HSBC has been accused of greenwashing by Christian Aid as the charity publishes a new report highlighting the bank’s refusal to rule out coal financing in Vietnam, Bangladesh and Indonesia.
HSBC hosted a Make My Money Green event as part of Green GB Week, and yet in its flagship energy policy it keeps the door open to financing the dirtiest fossil fuel in parts of Asia.
Last month fellow bank Standard Chartered announced a global ban on financing coal, undermining HSBC’s claims to be a sustainable leader that is concerned about climate change.

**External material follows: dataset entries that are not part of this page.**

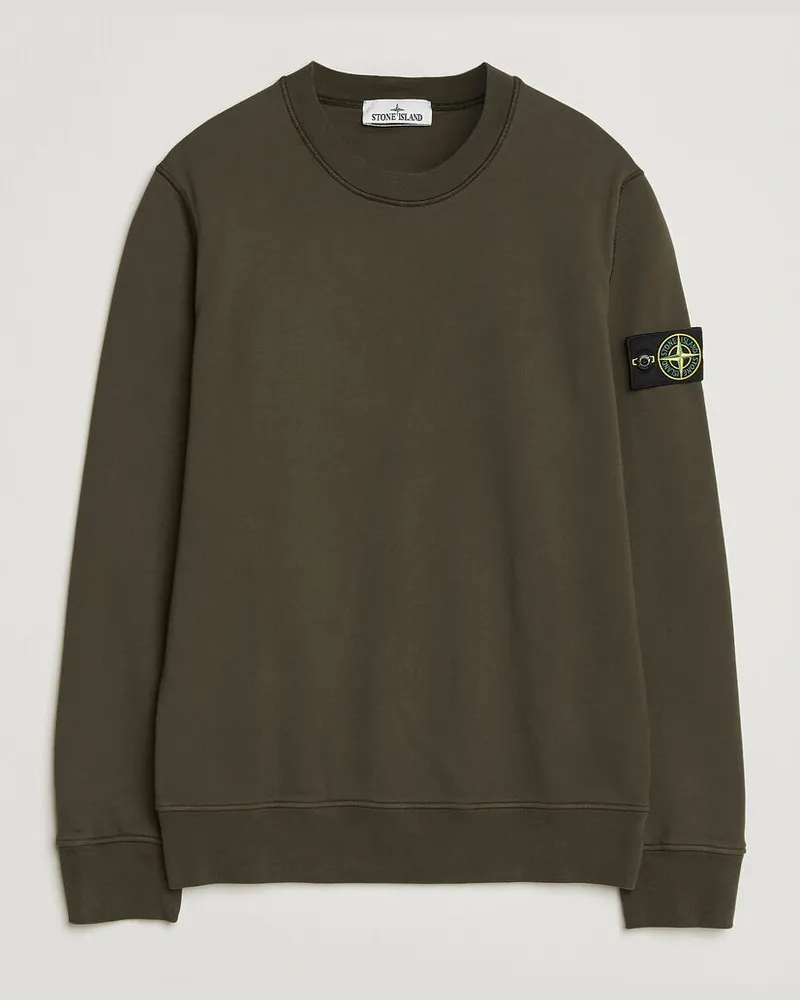 Stone Island Garment Dyed Fleece Sweatshirt Coal Grey Grau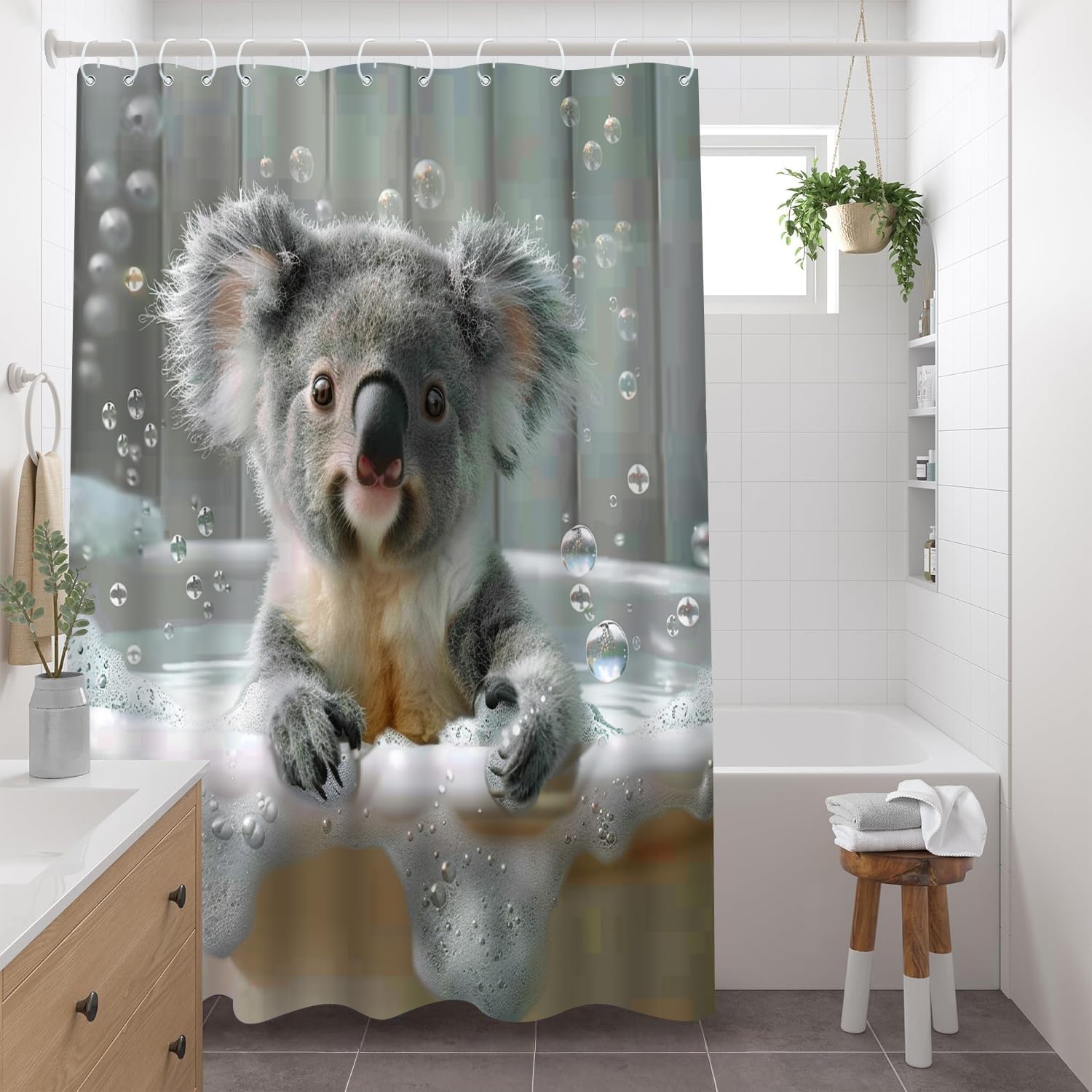 Funny Koala Shower Curtain Koala in The Bathtub Bath Bubbles Wildlife Animals Polyester Fabric Bathroom Decor Set with Hooks 70Wx90H Inch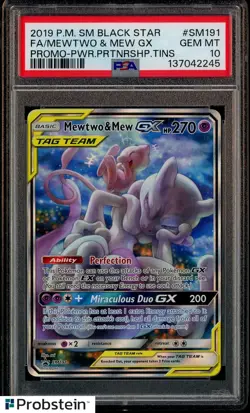 2019 Pokemon SM BSP Power Partnership Tins #SM191 FA Mewtwo & Mew Gx PSA 10 - Image 1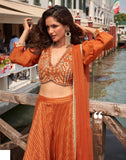 Rust Orange Embroidered Indo-Western Silk Palazzo Set with Dupatta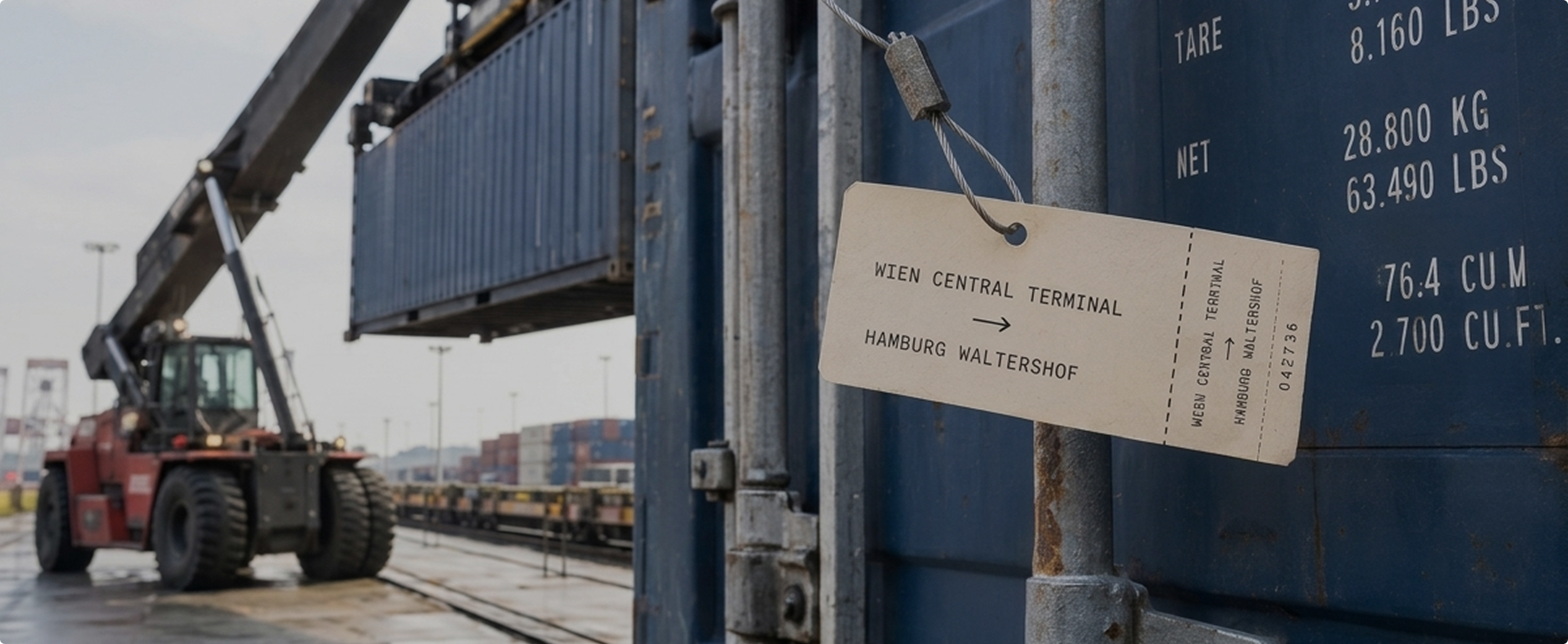 Shipping container with a luggage-style tag: Wien Central Terminal to Hamburg Waltershof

The report dismantles HSBC’s claims that more coal power is needed to address the developmental needs of these countries, drawing on independent evidence from a variety of sources and the views of local people. Nguy Thi Khanh, from Vietnam, is founder of the Green Innovation and Development Centre. She said:
“Remarkably HSBC’s commitment excluded my own country, along with Indonesia and Bangladesh. My daughter, along with the rest of Vietnam, it seems, doesn’t have the right to breathe clean air like the rest of the world.
“’Too poor, too foreign, let them breathe sulphur dioxide and smog’, the policy might as well read. ‘They’re only Vietnamese.’
“Such lazily racist double standards are made all the more galling by the bank’s attempt to hide its greed behind a thin veneer of condescending concern for the provision of ‘cheap’ power in Vietnam.
“The argument that Vietnam needs more coal is nonsense. According to the recently launched Blueprint for Vietnam’s Clean Energy Future, if all the health and environmental costs of coal power are factored in, renewables are already cheaper than coal in Vietnam.”
The report points out that in light of the recent report by the Intergovernmental Panel on Climate Change, warning of the consequences of global warming exceeding 1.5C, financing brand new coal plants in countries like Vietnam is not only reckless and irresponsible but will not address poverty either.
Helen Collinson, Campaign Lead at Christian Aid, said:
“For people without access to energy in these countries living far from the grid, renewables offer a much cheaper, less damaging and future-proof form of electricity.
“The cost of renewables has fallen faster than not just the predictions of the International Energy Agency but even those of Greenpeace as well. The clean energy systems of the future are what these countries need, not yet more polluting fossil fuel infrastructure of the past.
“If not investing in coal is good enough for the rest of the world, why isn’t it good enough for Vietnam, Bangladesh and Indonesia? A number of charities and policy institutes have provided evidence to HSBC demonstrating that coal is not needed to tackle energy poverty and yet they refuse to close this loophole.”
“If HSBC really cared about ‘making their money green’ they could start by ruling out new coal financing in every country, like Standard Chartered have done.”
World Bank President Jim Kim said in 2016:
“If Vietnam goes forward with 40GW of coal, if the entire region implements the coal-based plans right now, I think we are finished…That would spell disaster for us and our planet.”
It is exactly this kind of disaster that HSBC is facilitating by keeping the door open to funding new coal projects in this region.